Homework Assignment 6

Amortized Array-Based Dictionary

One of the most important structures in computer science are the *dictionary* data structures that support fast insert and lookup operations. Dozens of different data structures have been proposed for implementing dictionaries including hash tables, skip lists, search trees and others.

In this lab assignment you will implement a dictionary based on linked lists and sorted arrays. This structure combines a fast lookup on sorted arrays with ease of linked list-insertion. Note that a sorted array is good for lookups (think of a binary search) but bad for inserts. A linked list is good for inserts but bad for lookups (they can take linear time).

The idea of this data structure is as follows. We will have a linked list of arrays, where array k has size 2^{k}, and each array is in sorted order. However, there will be no relationship between the items in different arrays. The issue of which arrays to be used is based on the binary representation of the number of items we are storing. For example, if we have 11 items to store, then the arrays of sizes 1, 2, and 8 will be used, since 11 = 1 + 2 + 8, and our dictionary might look like this:

This data structure has interesting amortized and average-case performance, hence the name "Amortized Array-Based Dictionary" (AAD).

- Synthesize what we've covered so far in the course
- Problem solving, problem solving, problem solving
- Analyze a complex data structure
- Practice working in small teams to solve problems, design algorithms and write code

You are going to implement the dictionary data structure

public class Dictionary<E extends Comparable<E>> implements DictionaryInterface<E> { private int size; private Node head; ... }

using a linked list of sorted arrays. Specifically, you'll maintain a linked list of the following `Nodes`

:

private static class Node { private int power; private Comparable[] array; private Node next; ... }

These nodes are organized in the ascending order of array sizes - there are no two nodes containing arrays of the same size.

Since this is a pretty advanced assignment, you have been given a lot of starter code to help you out. Don't be intimidated by the starter code! If you understand the theory behind the AAD data structure and follow the directions in the starter code, the code you write will be rather short.

Your main goal is to implement the Dictionary interface. In addiiton you will need to implement the following helper methods. Their specifications are detailed in the starter code.

- binarySearch(Comparable[] a, Comparable item)
- frequency(Comparable[] a, Comparable item)
- merge(Comparable[] a, Comparable[] b)
- mergeDown()
- splitUp(Comparable[] a, int k)

If you get stuck, or don't understand something, re-read the lecture notes. Ask for help if you need it!

You create an array of size one and insert it into the linked list. Next, you traverse the list and merge sorted arrays of the same size until at most one array remains of each size.

Combining two dicionaries is based on recursive merging sorted arrays of the same size. The procedure has two phases. In the first phase you merge the roots of two linked lists into one linked list that is sorted by array size in monotonically increasing order. In the second phase you merge arrays of equal size until at most one array remains of each size.
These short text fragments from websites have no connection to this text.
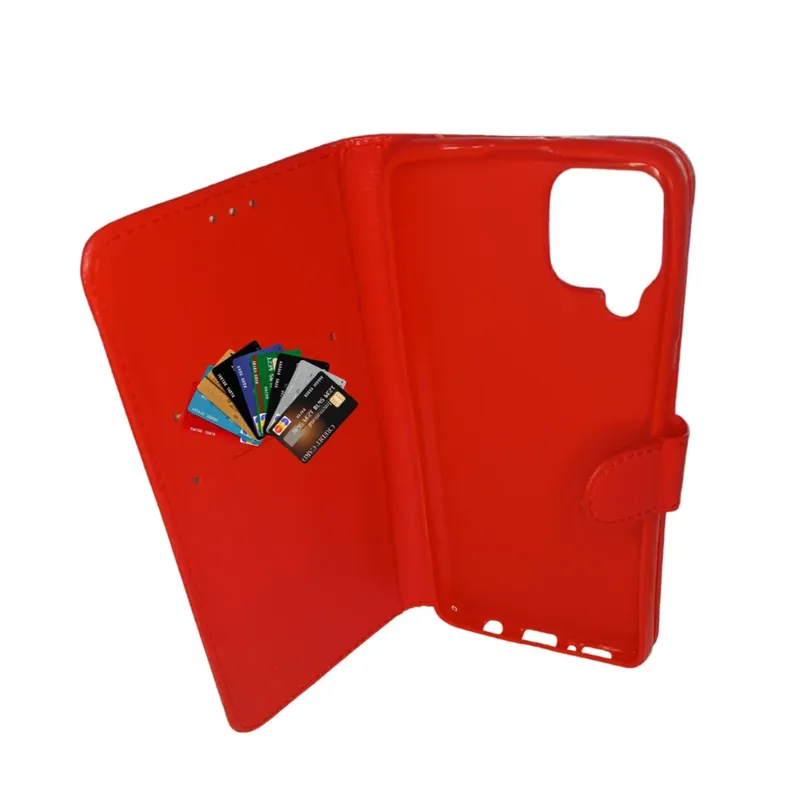 Capa Carteira Para Samsung Galaxy M62 Proteção, Estilo E Praticidade Capinha De Carteirinha Cor:vermelho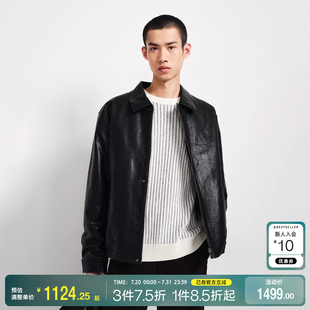 皮衣男通勤日常黑色宽松夹克外套男装 t区绫致杰克琼斯2024秋冬季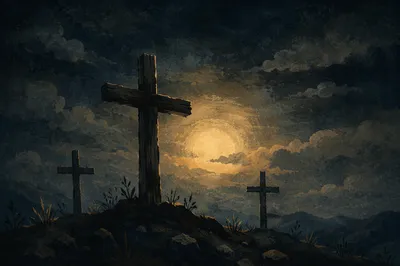 Good Friday Three Crosses Under Dark Sky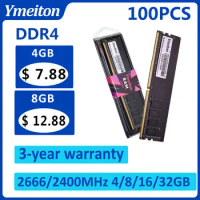 memoriam ddr4 100PCS Ymeiton DDR4 Memory 2400MHz 2666MHz 4GB 8GB 16GB 32GB U-DIMM RAM 288Pin 1.2v PC Desktop Memory Wholesales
Since each array in the list is in sorted order, you run Java's binary search on each of them.

This is the most cumbersome operation which can be implemented in more than one way. We advise you to follow the algorithm outlined by Nathan in his PPT presentation. In general terms, removing an item from an array of size 2^{k} results in splitting an array into k smaller arrays of sizes 1, 2, 4, and so on until 2^{k-1}. Then, you traverse the list and merge arrays of the same size.

As a consequence of some of the observations made in lecture, testing should be straightforward. Given a specific sequence of operations on an AAD, the resulting AAD is unique, so you can test by simply seeing if it is correct (the already-implemented toString() method should be really helpful for doing this).

That being said, here is a TestingDriver.java a class to help test your implementation. It will run some simple tests on your code and provide feedback.

The TAs will discuss testing in more detail in recitation on Wednesday Nov. 11.

You FTP the following java files

- Dictionary.java

Do not submit anything else like zip files, folders, desktops, class files. Failure to do so will result in a 10 point penalty.

Here is the point breakdown:

- binarySearch helper function - 2 points
- frequency helper function - 3 points
- merge helper function - 5 points
- splitUp helper function - 10 points
- add(e) - 10 points
- remove(e) - 10 points
- contains(e) - 10 points
- size() - 5 points
- frequency(e) - 5 points
- combine - 10 points
- Overal correctness of your Dictionary implementation - 10 points
- General coding style - 20 points.

Style will be graded very strictly for this lab assignment. Make sure you listen to the comments in the starter code (they are there to help you!) and your methods satisfy their specifications. Especially make sure you understand the AAD data structure as explained in lecture so that your implementation is as efficient as it should be.

Victor S.Adamchik, CMU, 2009